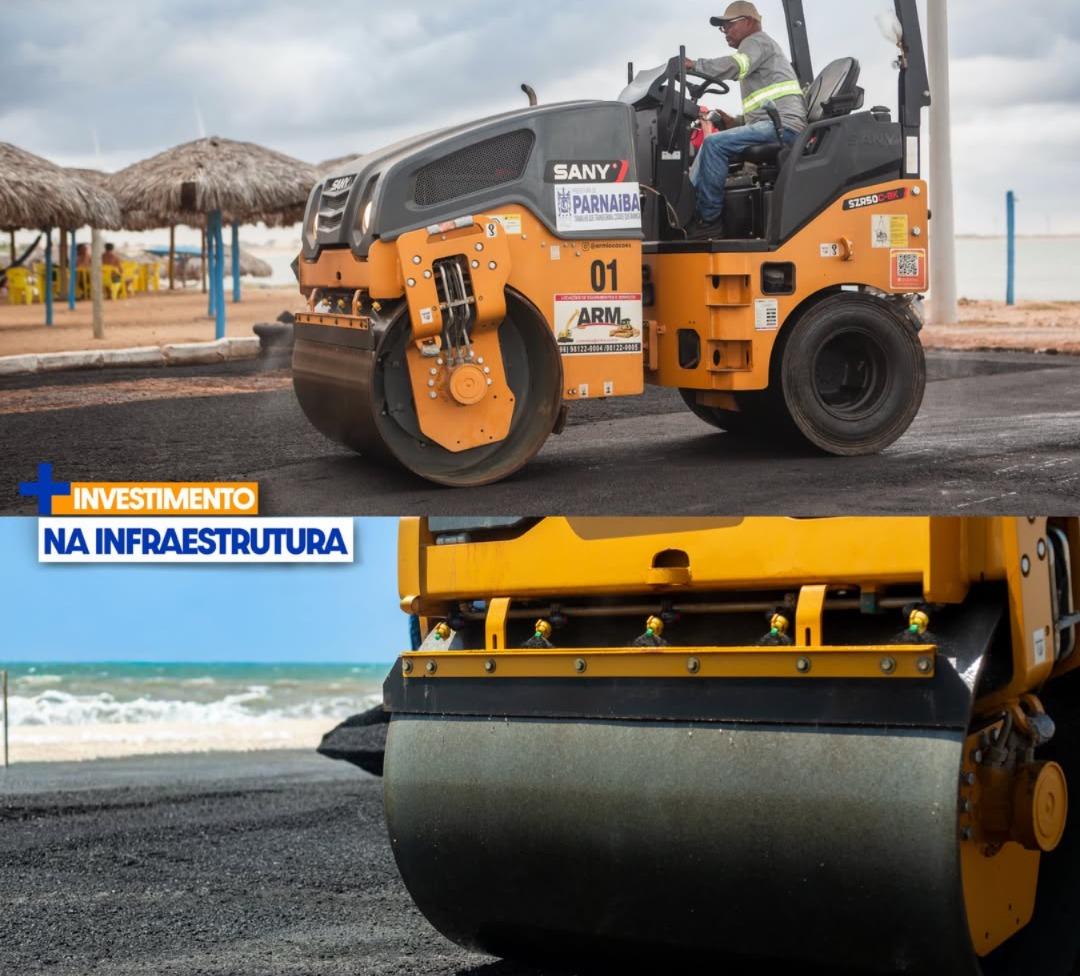  Revitalização da Praia da Pedra do Sal - Foto: Prefeitura de Parnbaíba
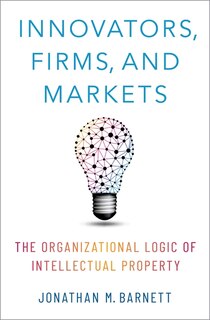 Front cover_Innovators, Firms, and Markets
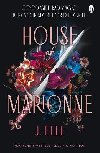 House of Marionne: Bridgerton meets Fourth Wing in this Sunday Times and New York Times bestseller - Elle J.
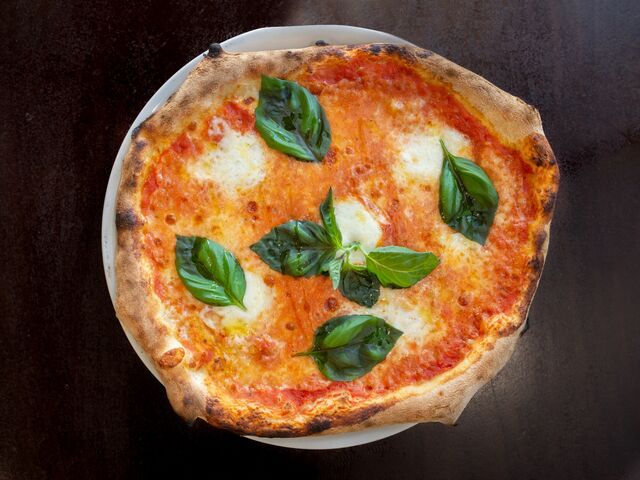Pizza Margherita Dop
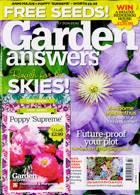 Garden Answers Magazine Issue JUL 24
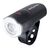 Фара велосипедная SIGMA AURA 30 люкс, передняя, 2 режима, батарейки 2хАА в комплекте, черный корпус, 4-015950, изображение  - НаВелосипеде.рф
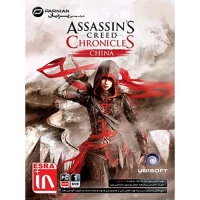 Assassin's Creed Chronicles China PC 1DVD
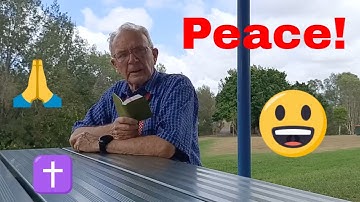 Peace In Israel
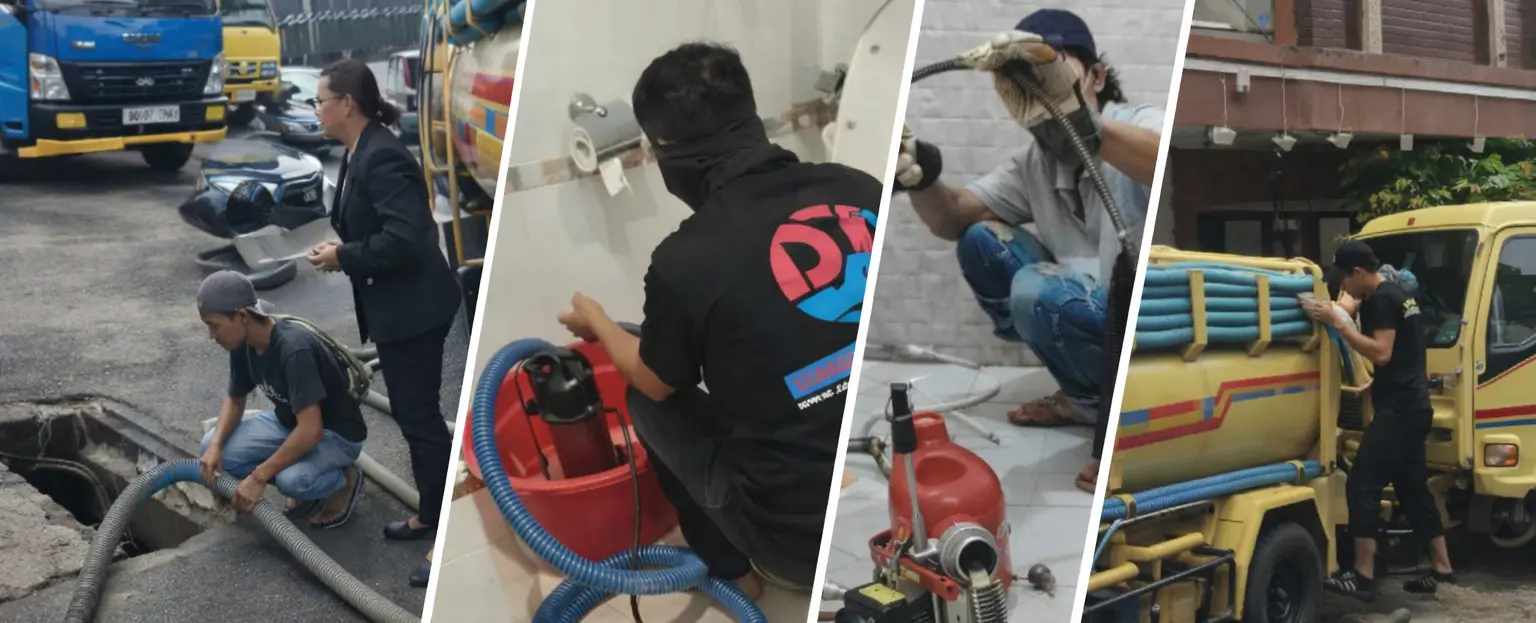 Jasa Sedot WC grandwisata Terdekat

· · ·

### WORK INSTRUCTION
Repeat the whole of the material above exactly, but keep the pictures out.

### RESPONSE
  Revitalização da Praia da Pedra do Sal - Foto: Prefeitura de Parnbaíba
 Front cover_Innovators, Firms, and Markets
 House of Marionne: Bridgerton meets Fourth Wing in this Sunday Times and New York Times bestseller - Elle J.
Pizza Margherita Dop
 Garden Answers Magazine Issue JUL 24
 Фара велосипедная SIGMA AURA 30 люкс, передняя, 2 режима, батарейки 2хАА в комплекте, черный корпус, 4-015950, изображение  - НаВелосипеде.рф
 Assassin's Creed Chronicles China PC 1DVD
 Peace In Israel
 Jasa Sedot WC grandwisata Terdekat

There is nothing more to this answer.